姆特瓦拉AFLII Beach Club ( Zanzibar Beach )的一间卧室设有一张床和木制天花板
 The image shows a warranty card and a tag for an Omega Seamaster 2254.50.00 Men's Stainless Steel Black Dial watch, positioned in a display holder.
--
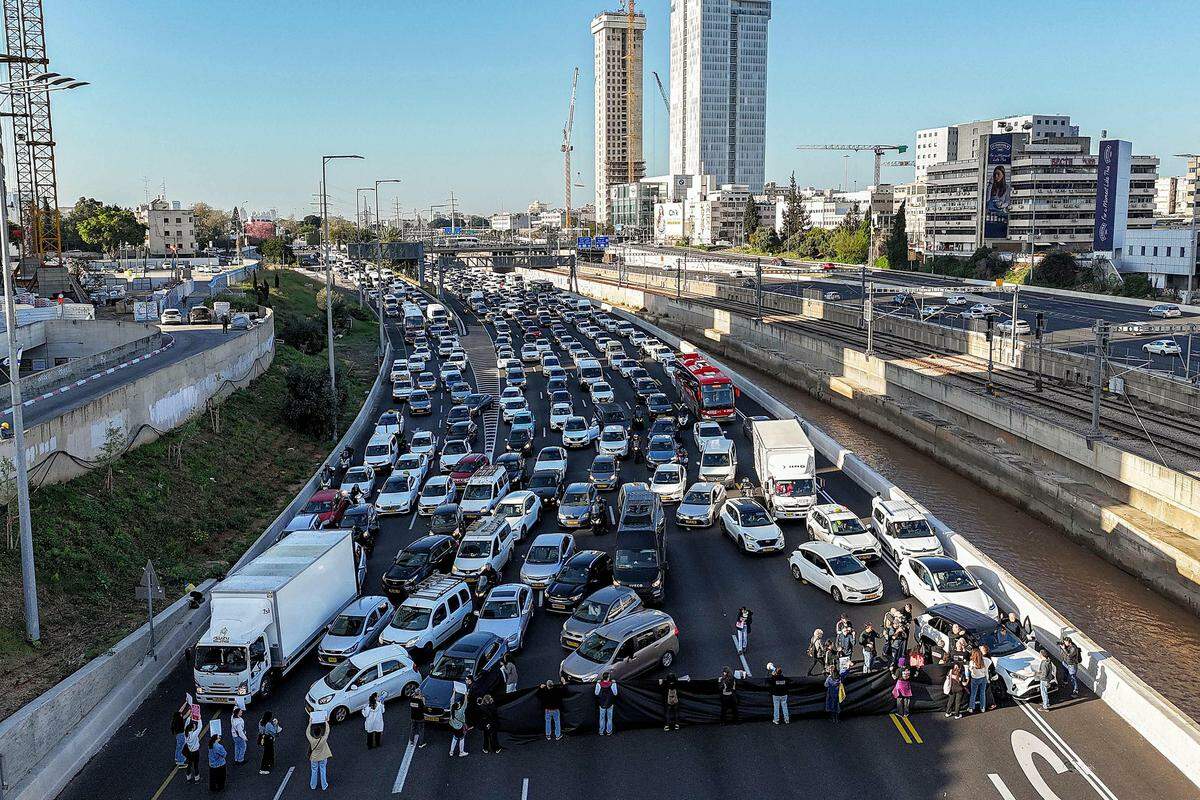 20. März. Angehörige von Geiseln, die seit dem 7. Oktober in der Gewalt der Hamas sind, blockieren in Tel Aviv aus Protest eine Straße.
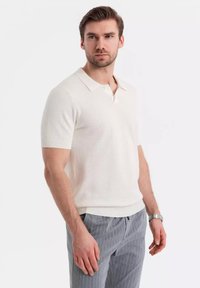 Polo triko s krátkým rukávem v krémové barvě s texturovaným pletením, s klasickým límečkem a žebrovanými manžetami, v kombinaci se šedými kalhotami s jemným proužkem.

_Problem statement_
Using the data above, retype exactly the lines from the line with "20. März. Angehörige" to the line with "Polo triko s", inclusive. No pictures and nothing else.

_Written reply_
 20. März. Angehörige von Geiseln, die seit dem 7. Oktober in der Gewalt der Hamas sind, blockieren in Tel Aviv aus Protest eine Straße.
 Polo triko s krátkým rukávem v krémové barvě s texturovaným pletením, s klasickým límečkem a žebrovanými manžetami, v kombinaci se šedými kalhotami s jemným proužkem.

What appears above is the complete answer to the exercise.